En la superficie de este libro, nos hallamos frente a un lenguaje sensual y brillante; en el fondo, nos conmueve una atrevida exposición que combina, precisamente, el placer de la memoria y el dolor ante la ausencia.Las palabras se yerguen así como el conjuro de este juego: “por ti visto mis manos de soledad y esperanza, por ti mi cuerpo es el color rojo, por ti mi vida se escapa y descansa. He decidido hoy, como todos los días, alimentar tu lenguaje de vacío, y dejarlo secar al sol” (“Lágrima en la arena”), advierte a su interlocutor el hablante.

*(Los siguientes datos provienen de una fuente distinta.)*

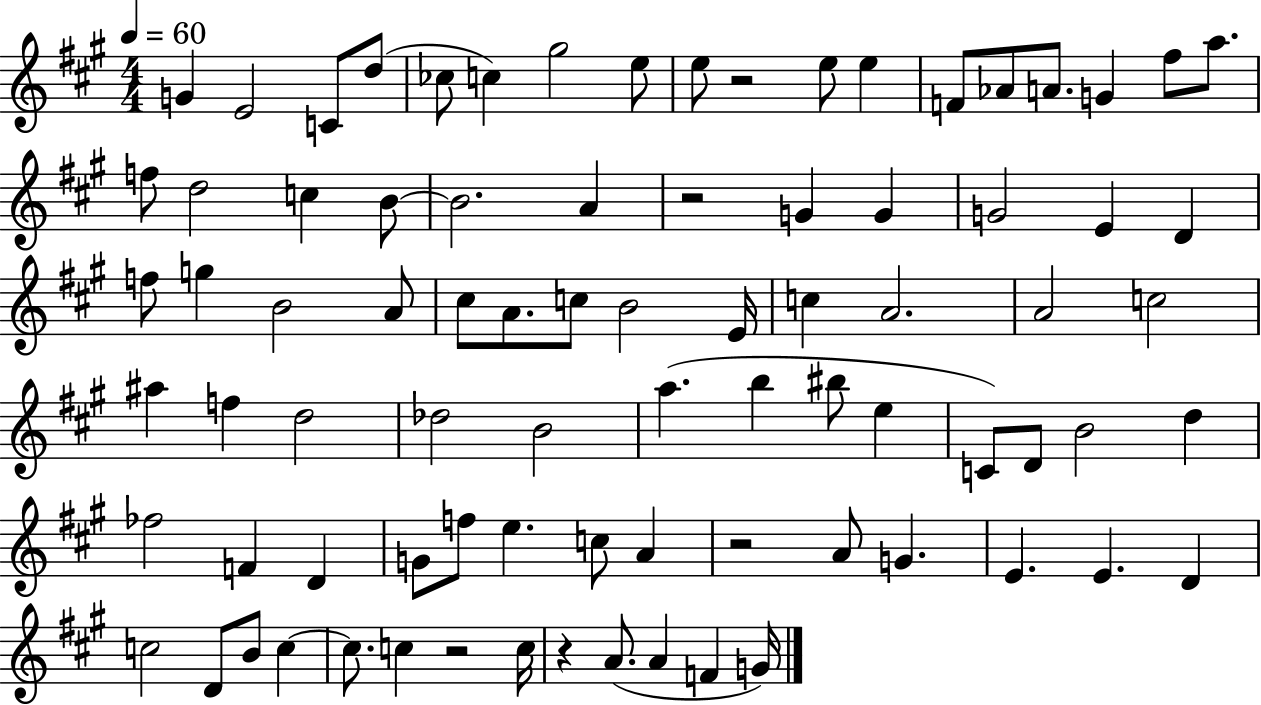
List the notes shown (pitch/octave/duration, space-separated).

G4/q E4/h C4/e D5/e CES5/e C5/q G#5/h E5/e E5/e R/h E5/e E5/q F4/e Ab4/e A4/e. G4/q F#5/e A5/e. F5/e D5/h C5/q B4/e B4/h. A4/q R/h G4/q G4/q G4/h E4/q D4/q F5/e G5/q B4/h A4/e C#5/e A4/e. C5/e B4/h E4/s C5/q A4/h. A4/h C5/h A#5/q F5/q D5/h Db5/h B4/h A5/q. B5/q BIS5/e E5/q C4/e D4/e B4/h D5/q FES5/h F4/q D4/q G4/e F5/e E5/q. C5/e A4/q R/h A4/e G4/q. E4/q. E4/q. D4/q C5/h D4/e B4/e C5/q C5/e. C5/q R/h C5/s R/q A4/e. A4/q F4/q G4/s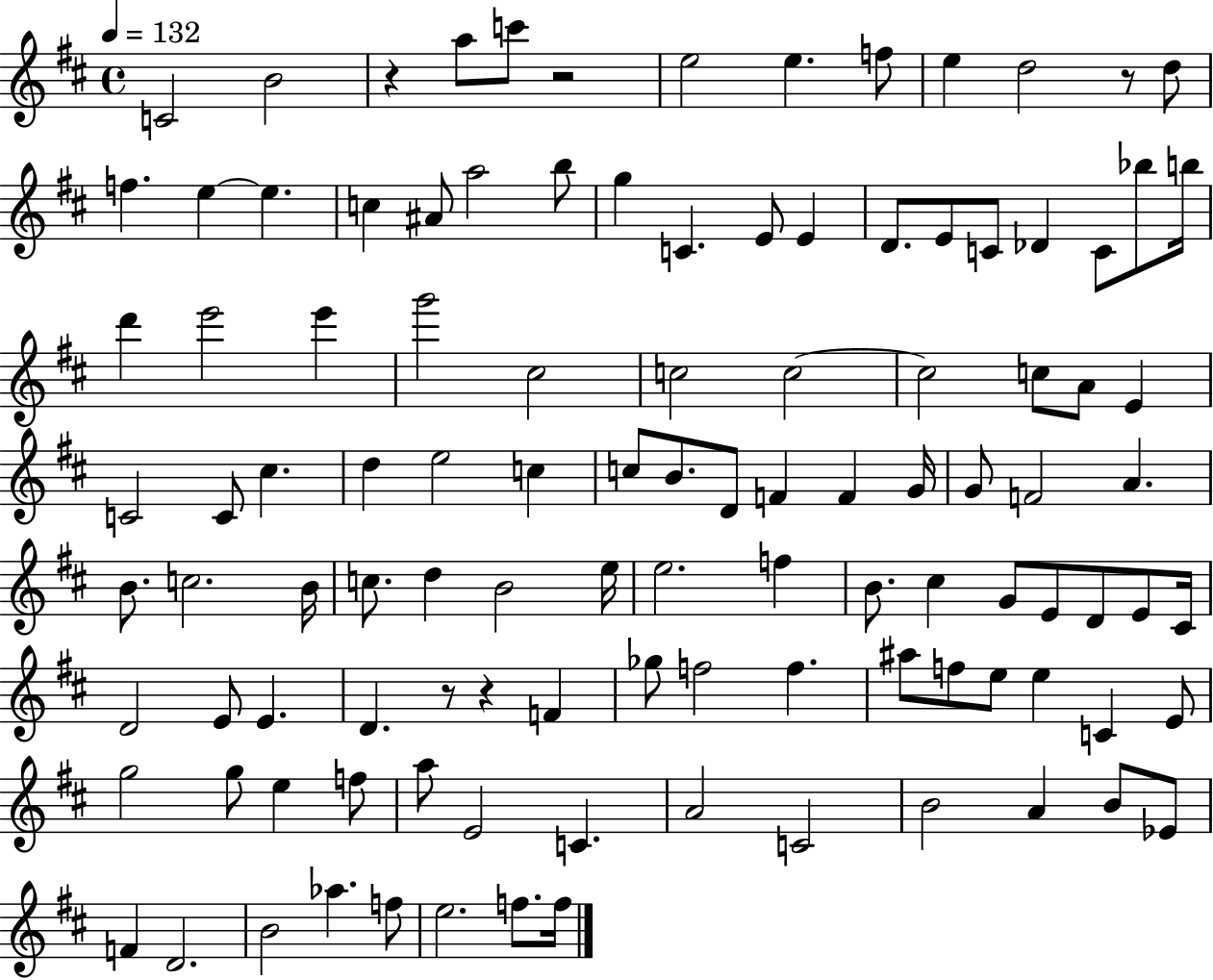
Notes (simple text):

C4/h B4/h R/q A5/e C6/e R/h E5/h E5/q. F5/e E5/q D5/h R/e D5/e F5/q. E5/q E5/q. C5/q A#4/e A5/h B5/e G5/q C4/q. E4/e E4/q D4/e. E4/e C4/e Db4/q C4/e Bb5/e B5/s D6/q E6/h E6/q G6/h C#5/h C5/h C5/h C5/h C5/e A4/e E4/q C4/h C4/e C#5/q. D5/q E5/h C5/q C5/e B4/e. D4/e F4/q F4/q G4/s G4/e F4/h A4/q. B4/e. C5/h. B4/s C5/e. D5/q B4/h E5/s E5/h. F5/q B4/e. C#5/q G4/e E4/e D4/e E4/e C#4/s D4/h E4/e E4/q. D4/q. R/e R/q F4/q Gb5/e F5/h F5/q. A#5/e F5/e E5/e E5/q C4/q E4/e G5/h G5/e E5/q F5/e A5/e E4/h C4/q. A4/h C4/h B4/h A4/q B4/e Eb4/e F4/q D4/h. B4/h Ab5/q. F5/e E5/h. F5/e. F5/s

Los poemas de este libro de Andrea Cabel nos invitan a asistir a un tránsito que va de la desesperación, de la crispación interior ante la soledad y el feroz destino de los solitarios, a una serenidad que toma la forma de una invocación, en las últimas líneas del poema que cierra el conjunto: “no tengas miedo del tiempo o de la velocidad de los coches/ estamos dormidas, llévame a cualquier lugar,/ produce un silencio ocioso, santifica unas rejas blancas, extiende mi destino,/ apóyate en mi corazón que jadea y se despierta/ escucho a la luna, cada martes, muy lejos de cualquier piano/ muy lejos de mis dedos consumidos por la profundidad” (“Lima, hoy”).
Sin embargo, pese a la claridad de estas revelaciones que el lenguaje va desnudando con lentitud y prolijidad a lo largo de Latitud de fuego, queda siempre un lado oculto, envuelto en brumas y al que solo es posible acceder después de traspasar el umbral del secreto.
Ese y no otro es el reto del lector que se enfrente a estas páginas, que son una reflexión sobre muchas cosas, desde la vida cotidiana trasegada por la intimidad hasta la desolación de la amante que practica una catarsis, logra aproximarse a un estado de autoconocimiento, pero no desdeña el retorno del cuerpo del Otro. Esa melancolía, ese abatimiento y la angustia que lo acompaña, es lo que mejor iluminan los versos de Latitud de Fuego.